Our St Andrew's Day Dinner guest speaker is David Duke, founder and CEO of Street Soccer Scotland, a non-profit social enterprise that uses football to help create positive change in the lives of socially disadvantaged adults and young people.
More recently David has set up Change Centre Scotland, a new social enterprise whose vision is aimed at tackling homelessness by a creating personal development and self-management centres. He works closely with Government, Athletes, Charities, Social Enterprise, and some of Scotland's leading entrepreneurs, all with the aim of improving the lives of those who face some of society’s biggest challenges.
He is a well-known face, and voice, in his sector and is recognised as an authority on sport and social change, not just in Scotland but around the world. David is a regular contributor at the international Doha Goals Forum and has been a speaker at other global events including TEDx, Beyond Sport Global Summit and SEWF. David is also Global Ambassador for the Homeless World Cup organisation, an Ambassador for Charity Quarriers, is an Advisory Board Member for UNICEF (Scotland).
We caught up with David to find out a bit more about Street Soccer Scotland and who or what inspires him and why our chosen charity, Govan H.E.L.P is a cause close to his heart.
How does it feel to be speaking at this year’s St Andrew’s Day Dinner?
I am really looking forward to the event. I have heard it’s a great night and it’s an honour to be part of it.
Tell us how Street Soccer Scotland began and what’s on the horizon?
Street Soccer was founded in 2009 with the simple idea of using football to tackle social exclusion.
Football brings people together and many of the players we support are often isolated and excluded. Our players may be experiencing a range of challenges, but by bringing people together using football and then providing additional support, it really can make a difference. We all need to be part of something.
Having just turned 10yrs old, we are now expanding our work across more regions and communities and I look forward to sharing some of our story at the St Andrew’s Day Dinner.
This year’s chosen charity Govan H.E.L.P is a cause that is close to your heart tell us a bit about the cause and why it’s so important to you?
I come from Govan and it’s is a wonderful community but is massively affected by poverty and exclusion. The work that Govan H.E.L.P does to support families and children is very inspiring, and having experienced hard times as a child myself, I know the value of projects like this. I am proud to be a supporter of Govan H.E.L.P and I’m delighted that The Marketing Society Scotland has chosen them as their charity partner for this year’s St Andrew’s Day Dinner.

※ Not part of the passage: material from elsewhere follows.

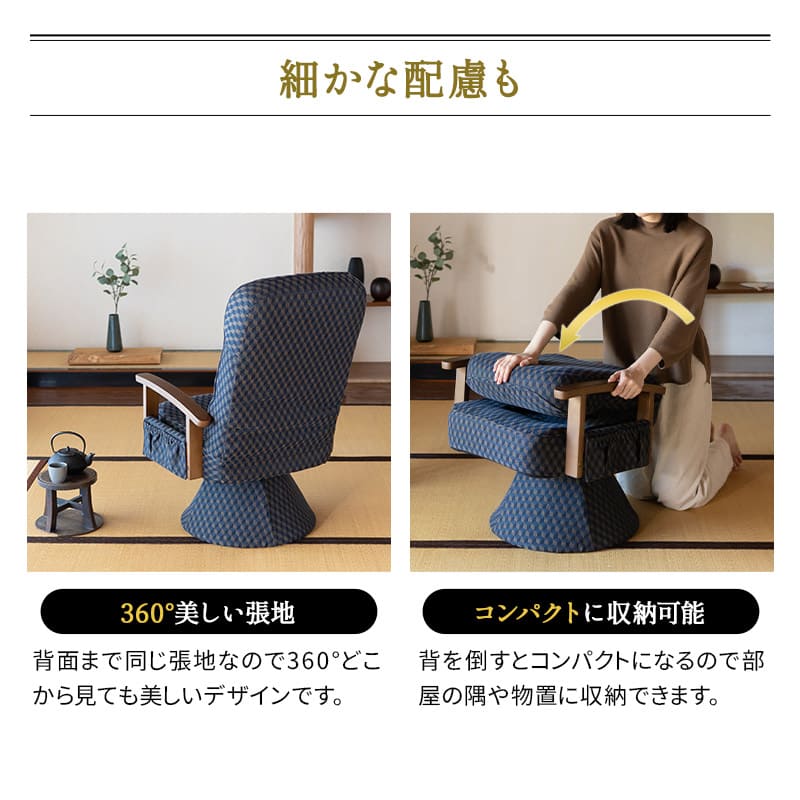 360度回転 高座椅子 「ゆるり」 レバー式 リクライニングチェア ハイバック 肘付き サイドポケット付き 旅館 和モダン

If you could give your 16-year-old-self one piece of career advice, what would it be?
Don’t listen to my 16yr old self…
What are the main challenges faced by your team and how do you overcome it?

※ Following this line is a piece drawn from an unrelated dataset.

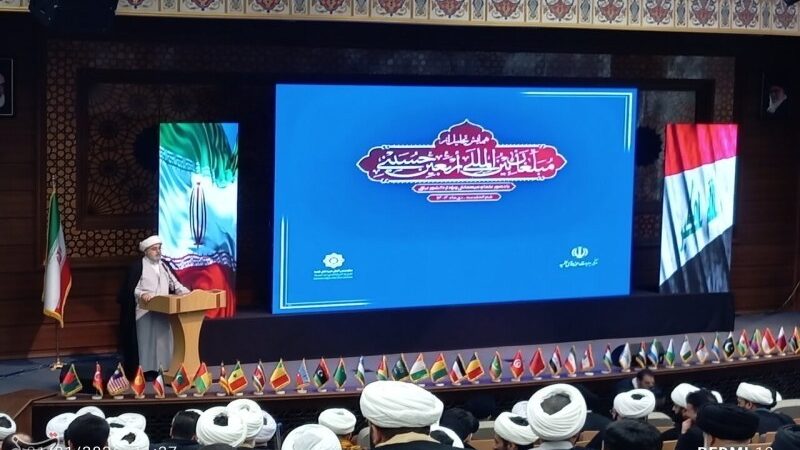 امنیت، کرامت و عدالت، پایه‌های تمدن نوین اسلامی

Running a charity and social enterprise has many challenges at many levels. Our delivery team do a great job in supporting people often in times of crisis which can be emotional but rewarding when people smile and find some happiness and support. Financially, it is always challenging running an organisation but also exciting being able to create new projects and enterprise activities.
There are always other challenges which are not exclusive to us, and decisions made by governments and decision makers (for example in Westminister) which directly impact on the players we support and serve.
Who or what influences you? Which living person do you most admire?
I think I am influenced by everything, things I read and people I meet. You can take something from everyone.
I am attracted to selfless people, the unseen champions making the world a better place. I’m proud to work with some of them.